:: WHAT TO DO ::
Beginning at the line that contains "New Glossy 100%" and finishing at the line that contains "Bright letters children's", output the data below exactly. Include both end lines and no pictures.

:: DATA EXCERPTS ::
--*--
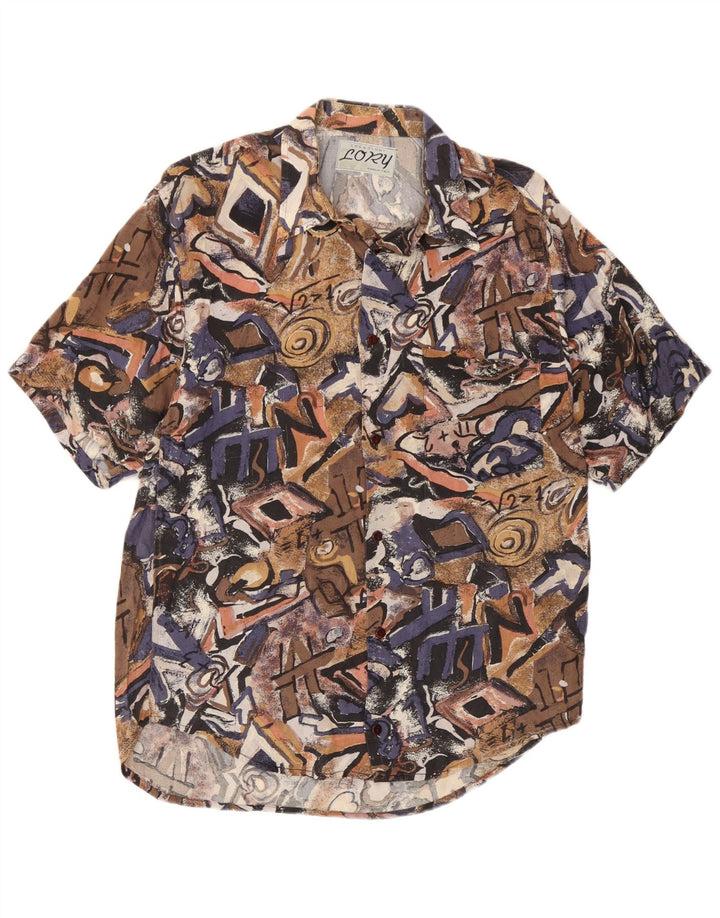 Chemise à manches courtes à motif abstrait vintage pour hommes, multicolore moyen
--*--
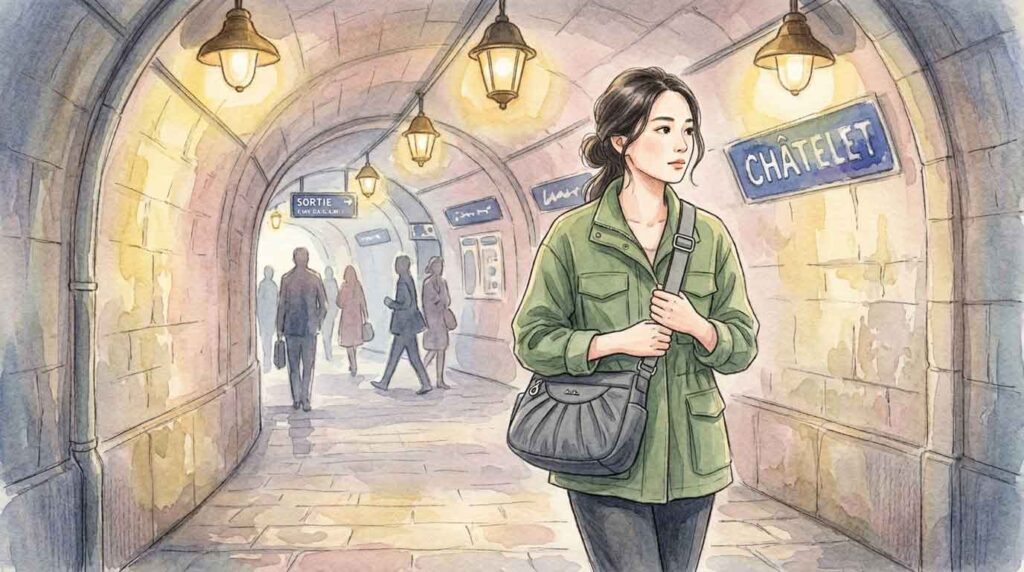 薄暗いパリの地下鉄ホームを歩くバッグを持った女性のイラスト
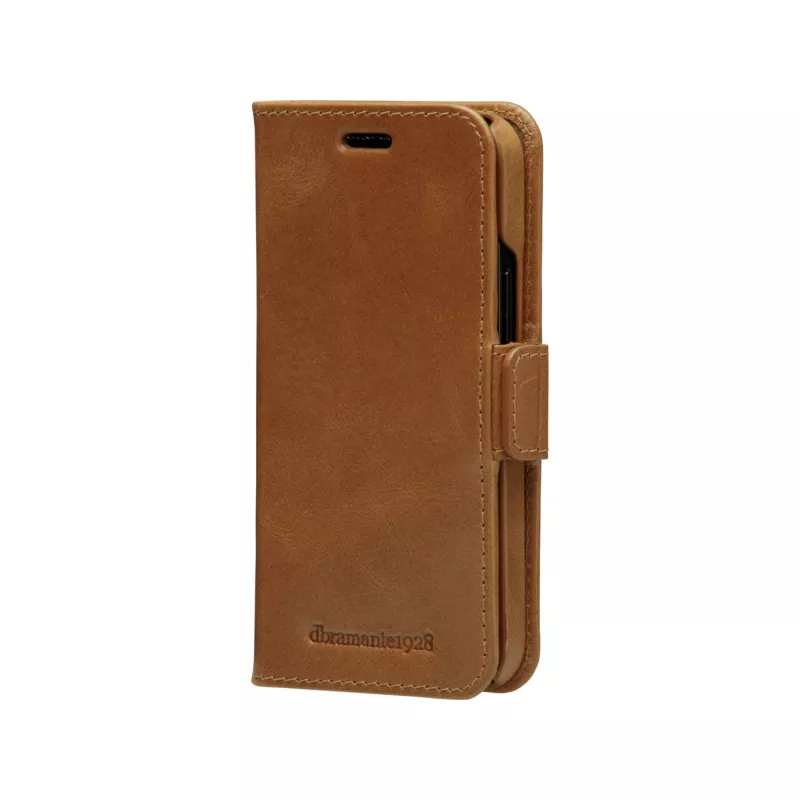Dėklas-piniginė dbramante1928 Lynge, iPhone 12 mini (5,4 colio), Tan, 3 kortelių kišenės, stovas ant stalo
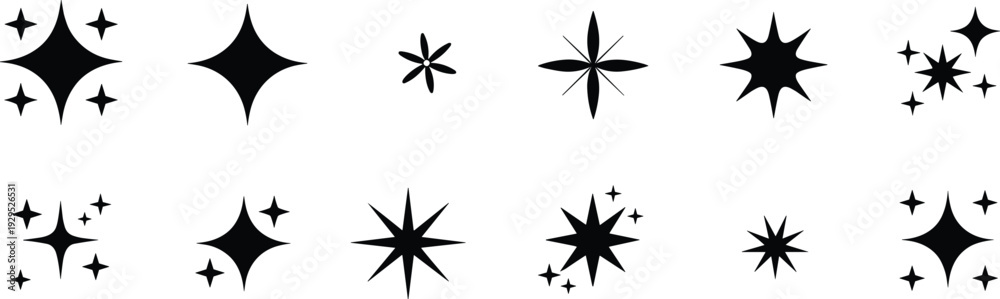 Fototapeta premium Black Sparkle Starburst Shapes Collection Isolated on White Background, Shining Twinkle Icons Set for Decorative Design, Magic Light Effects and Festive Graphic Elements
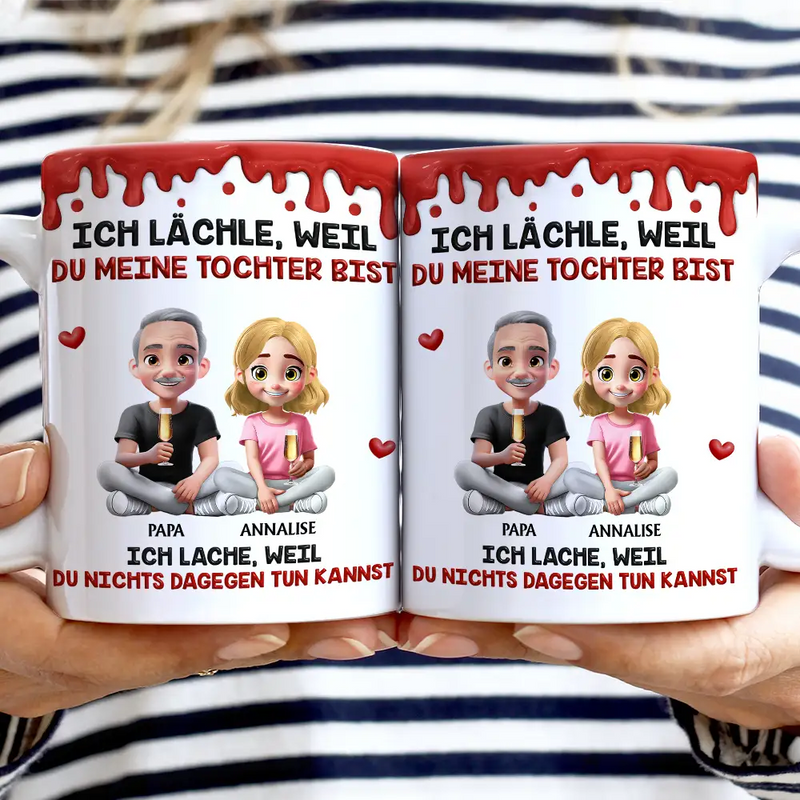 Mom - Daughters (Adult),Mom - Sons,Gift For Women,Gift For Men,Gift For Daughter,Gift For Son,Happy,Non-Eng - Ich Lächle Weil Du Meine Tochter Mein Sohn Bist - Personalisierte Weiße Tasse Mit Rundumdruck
--*--
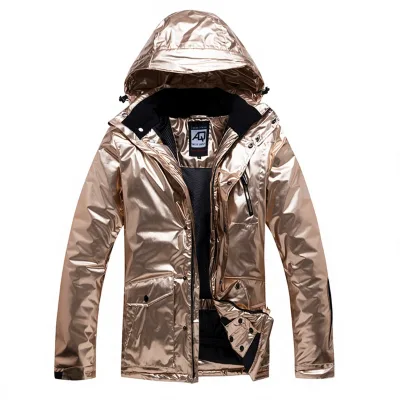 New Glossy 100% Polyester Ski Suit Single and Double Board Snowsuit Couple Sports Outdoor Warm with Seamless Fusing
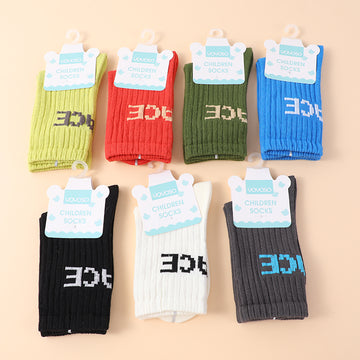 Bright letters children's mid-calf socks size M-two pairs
--*--
:: EXERCISE OUTPUT ::
 New Glossy 100% Polyester Ski Suit Single and Double Board Snowsuit Couple Sports Outdoor Warm with Seamless Fusing
 Bright letters children's mid-calf socks size M-two pairs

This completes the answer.